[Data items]
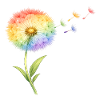 Rainbow Dandelion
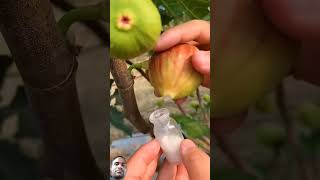 fruit fig satisfying figtree birds nature learning plants fruitsfarm tropicalfruit food [upl. by Yvor496]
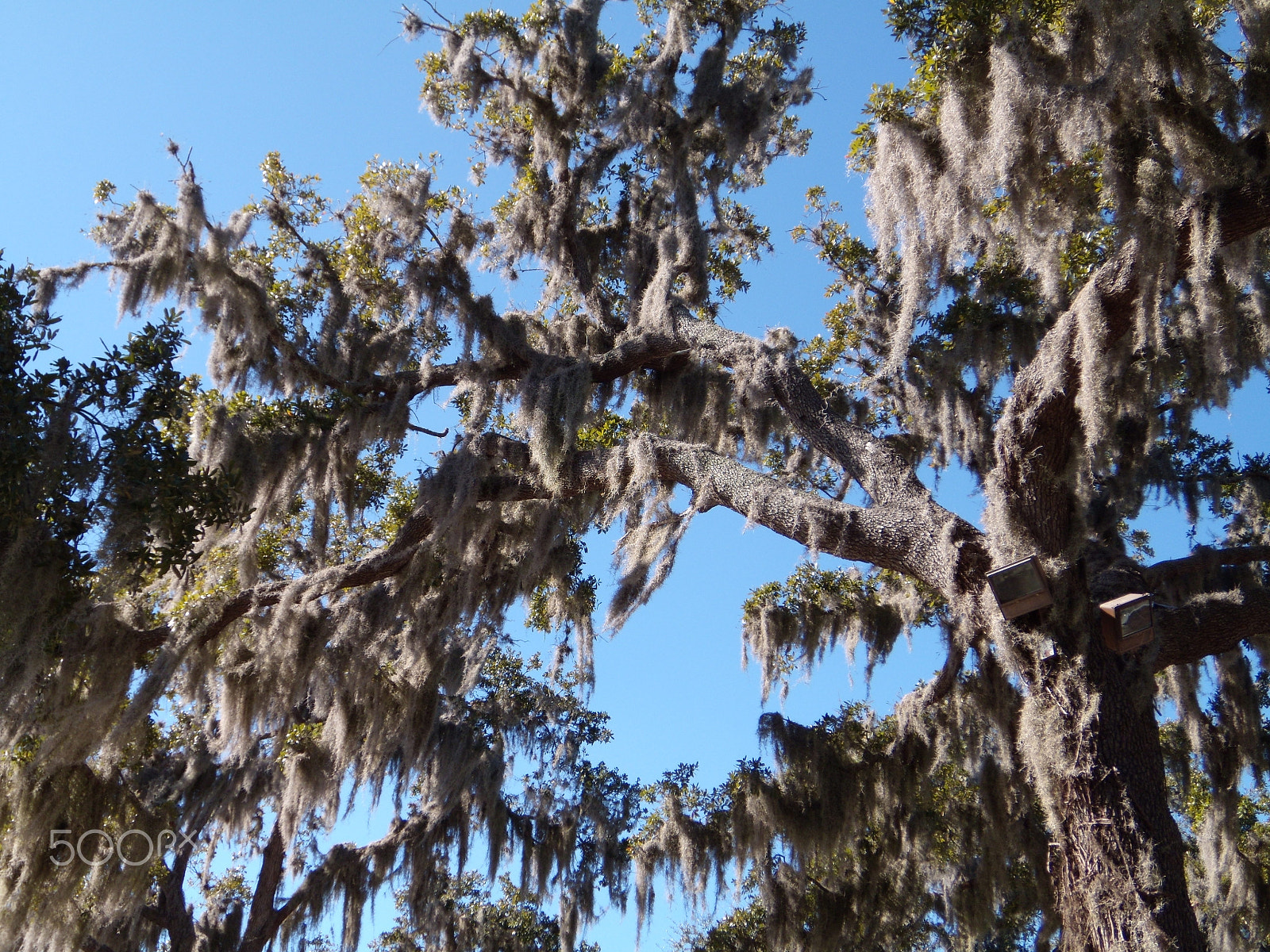 Nikon Coolpix S710 sample photo. Tree of moss.jpg photography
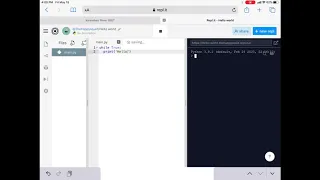 Python Infinite Loops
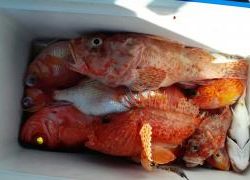 長栄丸(静岡) 釣果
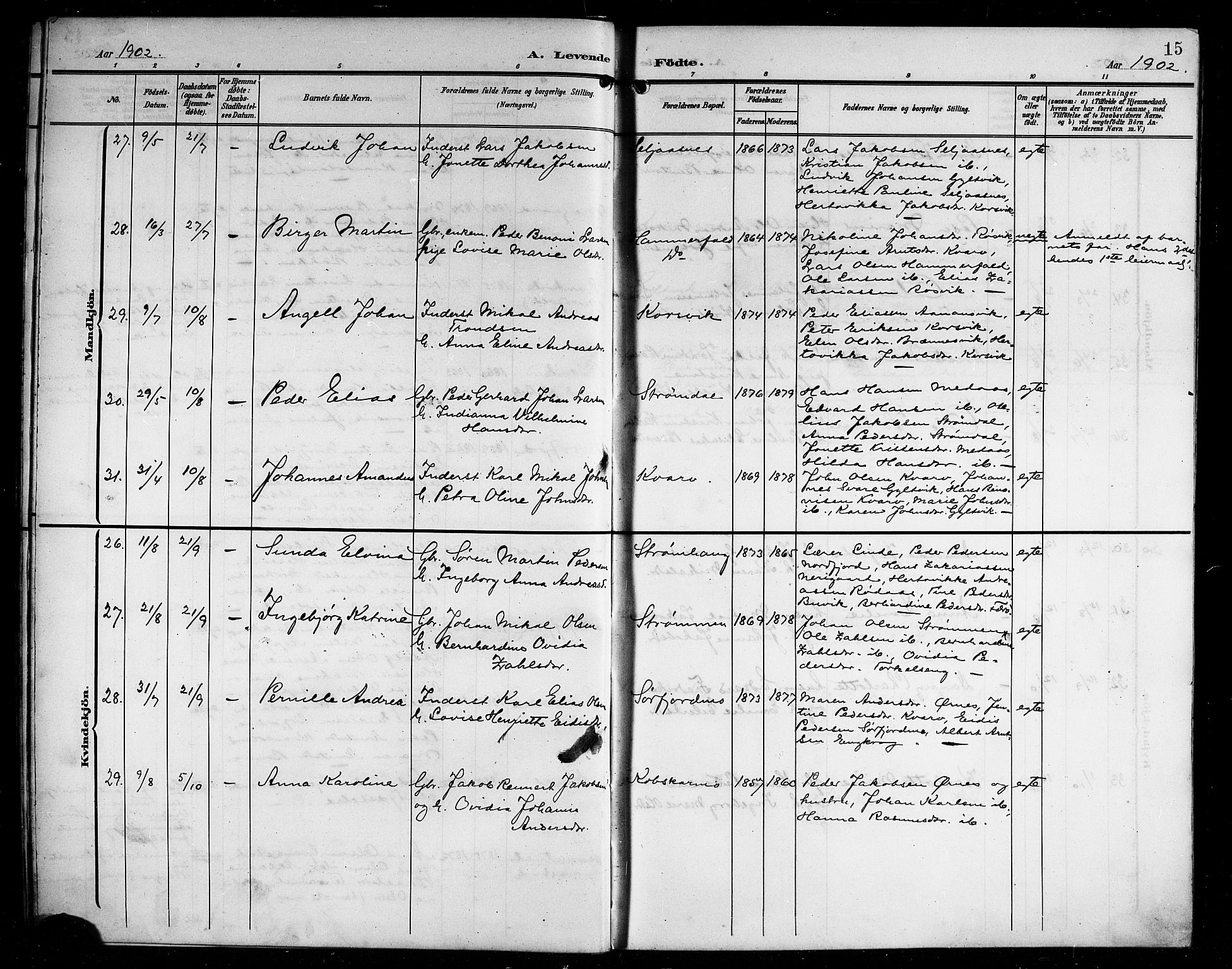 Ministerialprotokoller, klokkerbøker og fødselsregistre - Nordland, AV/SAT-A-1459/854/L0786: Klokkerbok nr. 854C02, 1901-1912, s. 15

- Assignment: All of the entries above should be copied exactly, with the images left out.

- Written response:
 Rainbow Dandelion
 fruit fig satisfying figtree birds nature learning plants fruitsfarm tropicalfruit food [upl. by Yvor496]
 Nikon Coolpix S710 sample photo. Tree of moss.jpg photography
 Python Infinite Loops
 長栄丸(静岡) 釣果
 Ministerialprotokoller, klokkerbøker og fødselsregistre - Nordland, AV/SAT-A-1459/854/L0786: Klokkerbok nr. 854C02, 1901-1912, s. 15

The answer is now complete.